Top of Data under study

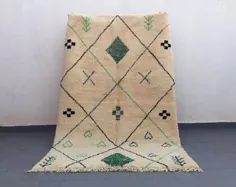 فرش مراکشی فرش دستی Beni ourain فرش تمام پشم بربر |  اتسی
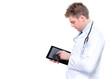 Portrait of cherfull male doctor using digital tablet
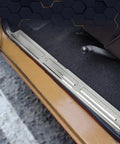 Top Shelf Chrome Door Sill Plates Pair With Plug And Play Hardware For Chevy And Gmc Full Size Ck Pickup Trucks 1967 Through 1972 installed on floor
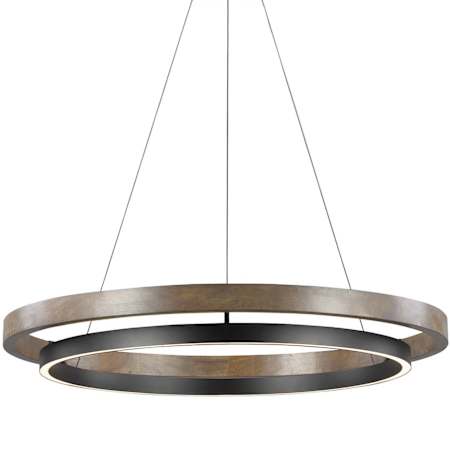 Visual Comfort Grace 36" Wide LED Ring Chandelier Matte Black / Weathered Oak Wood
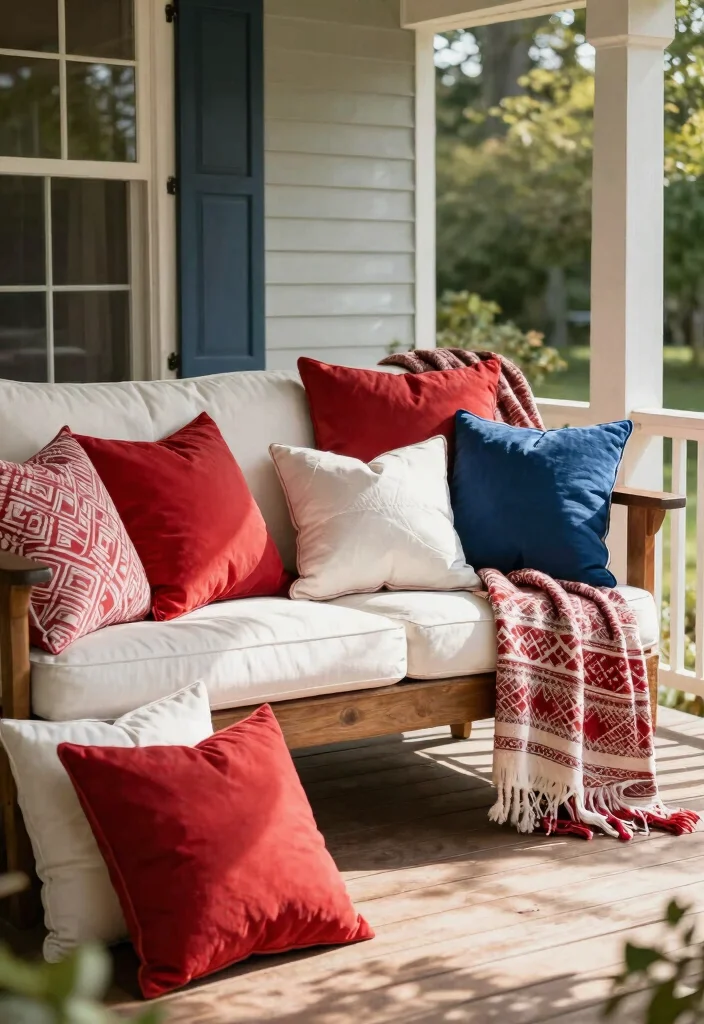12 Patriotic Porch Ideas That Look Festive Without Looking Tacky - 6. Coordinated Pillows and Throws 1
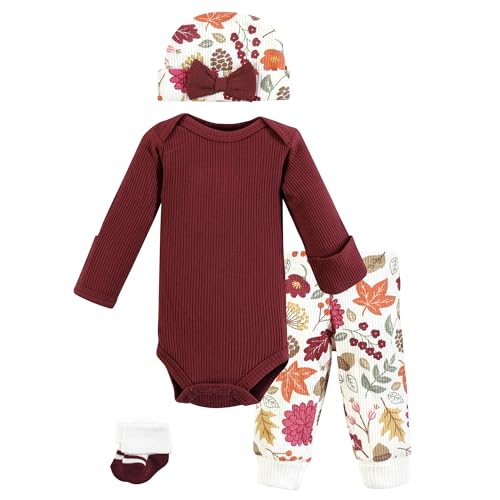 Image of Hudson Baby Unisex Thermal Preemie Layette Set 4pc Short Sleeve Outfit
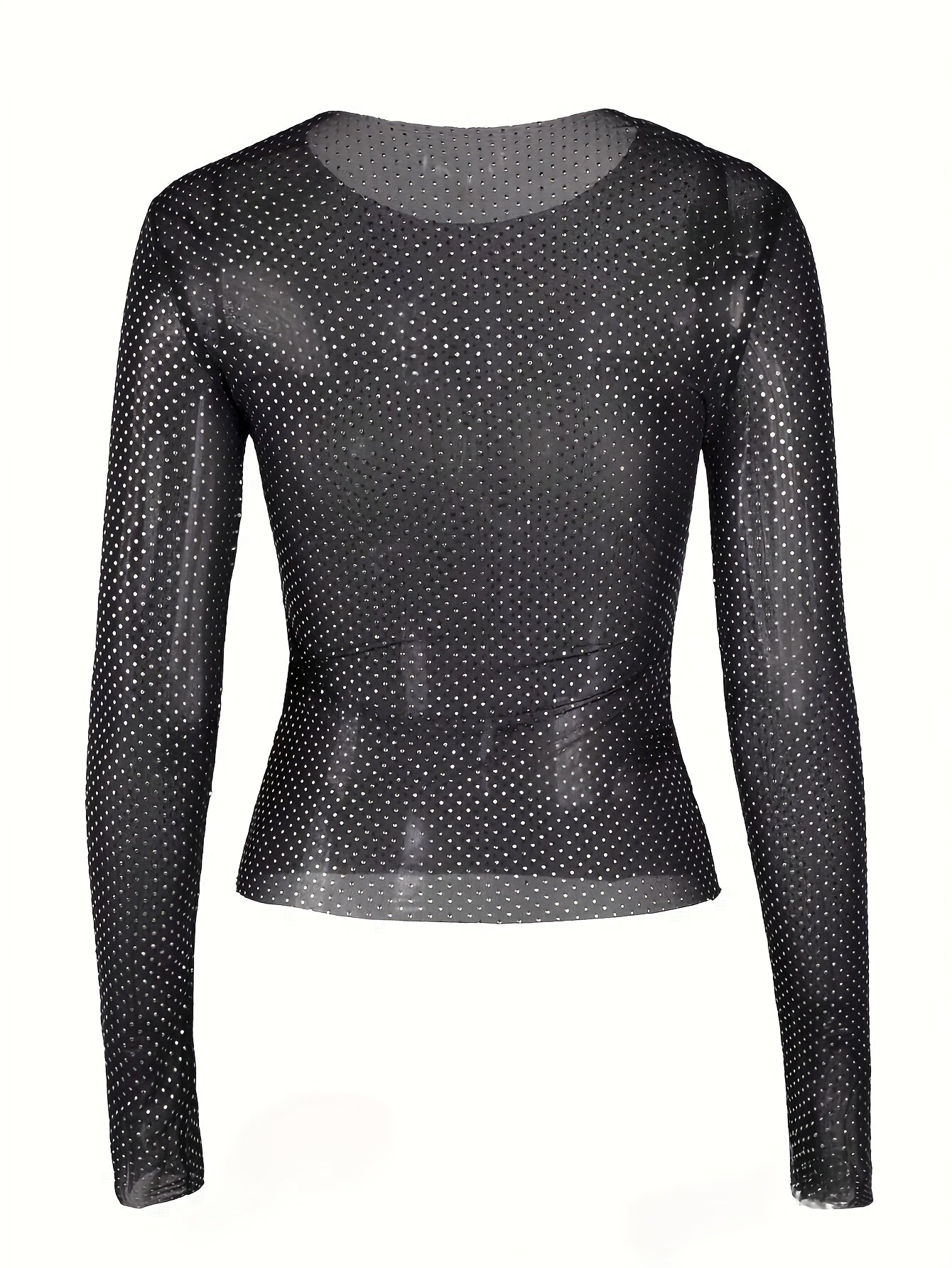 Women's Semi-Sheer Mesh Long Sleeve Slim Fit Crew Neck Top - Stretchy Breathable Blouse for Spring Summer Fall
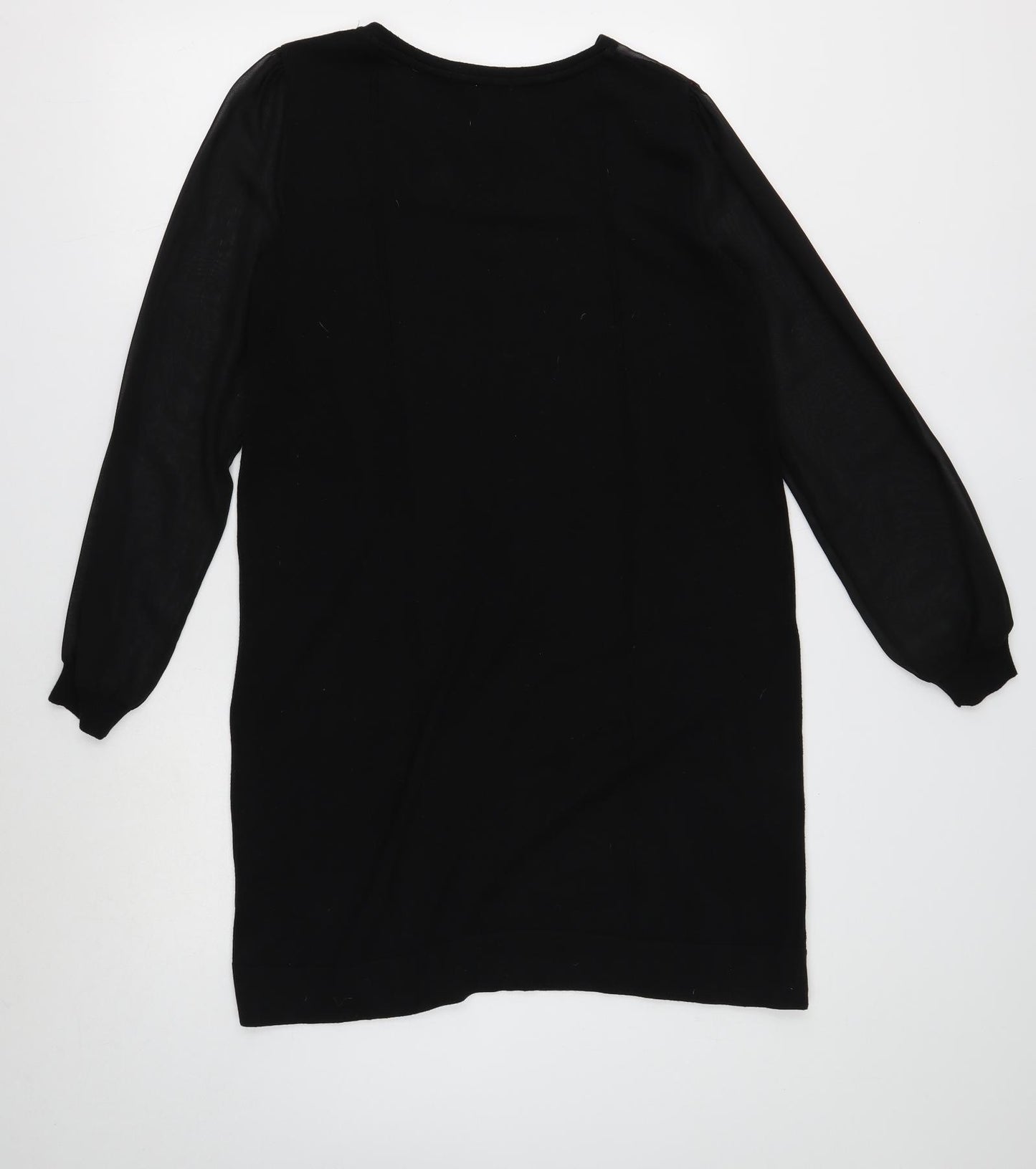 George Womens Black Acrylic Jumper Dress Size 14 Boat Neck Pullover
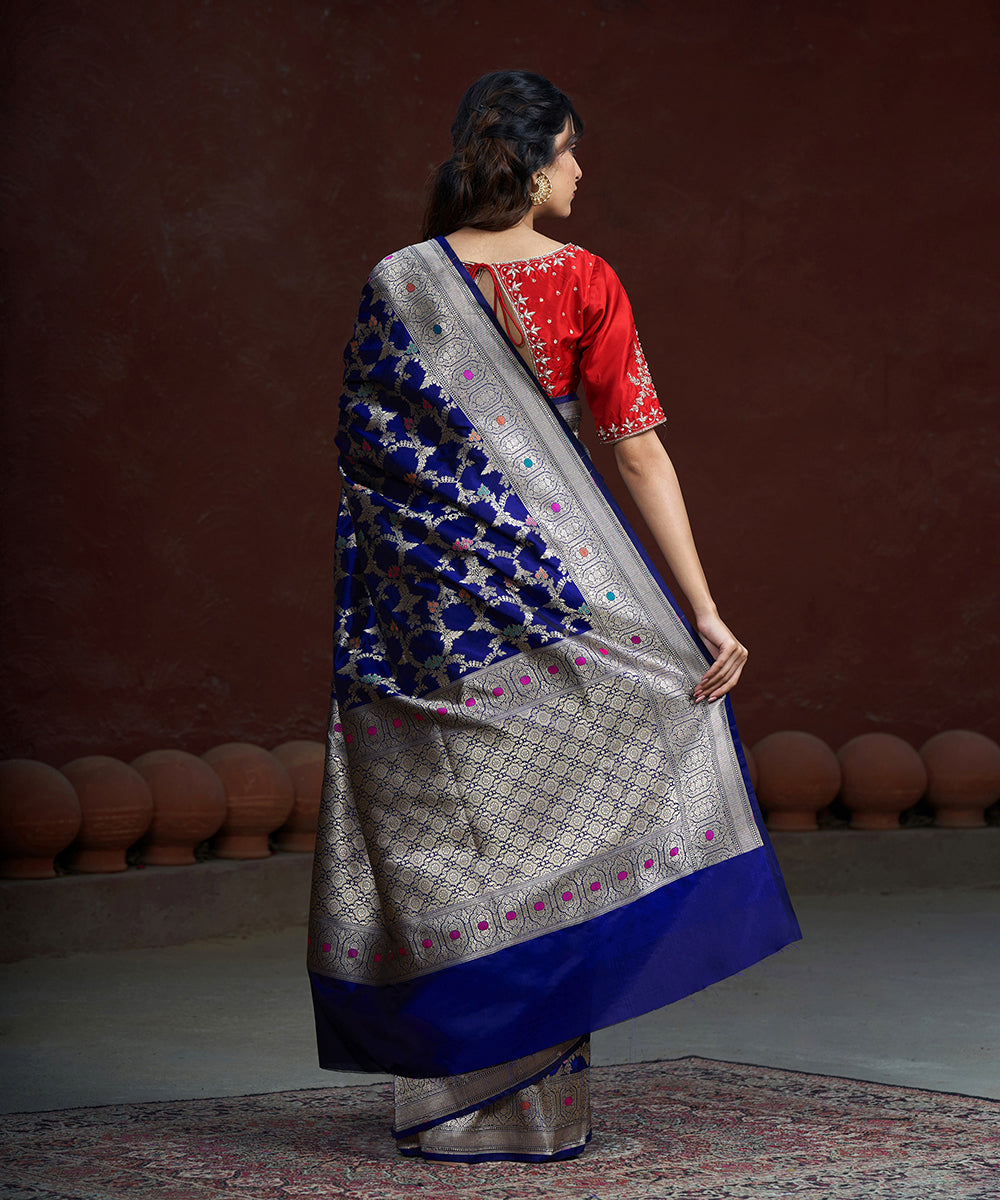Handloom_Dark_Blue_Pure_Katan_Silk_Banarasi_Saree_With_Gold_Zari_Jaal_And_Meenakari_WeaverStory_03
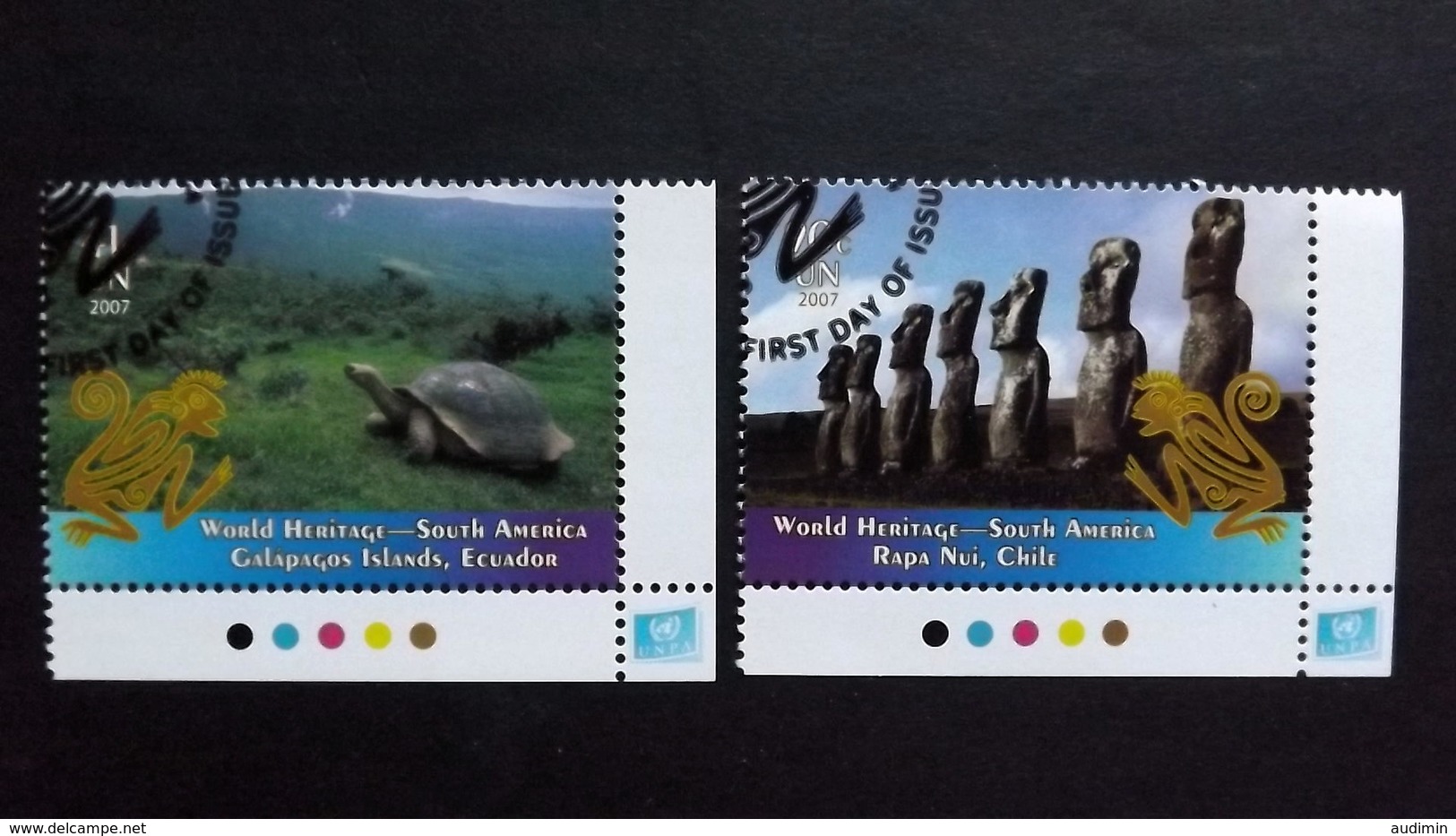 UNO-New York 1066/7 Oo/ESST, UNESCO-Welterbe: Südamerika, Galapagos, Osterinsel - Gebraucht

Bottom of Data under study

Goal of the exercise
An exact copy of every entry, pictures left out, is what to write here.

Task response
 فرش مراکشی فرش دستی Beni ourain فرش تمام پشم بربر |  اتسی
 Portrait of cherfull male doctor using digital tablet
 Top Shelf Chrome Door Sill Plates Pair With Plug And Play Hardware For Chevy And Gmc Full Size Ck Pickup Trucks 1967 Through 1972 installed on floor
 Visual Comfort Grace 36" Wide LED Ring Chandelier Matte Black / Weathered Oak Wood
12 Patriotic Porch Ideas That Look Festive Without Looking Tacky - 6. Coordinated Pillows and Throws 1
 Image of Hudson Baby Unisex Thermal Preemie Layette Set 4pc Short Sleeve Outfit
 Women's Semi-Sheer Mesh Long Sleeve Slim Fit Crew Neck Top - Stretchy Breathable Blouse for Spring Summer Fall
 George Womens Black Acrylic Jumper Dress Size 14 Boat Neck Pullover
Handloom_Dark_Blue_Pure_Katan_Silk_Banarasi_Saree_With_Gold_Zari_Jaal_And_Meenakari_WeaverStory_03
 UNO-New York 1066/7 Oo/ESST, UNESCO-Welterbe: Südamerika, Galapagos, Osterinsel - Gebraucht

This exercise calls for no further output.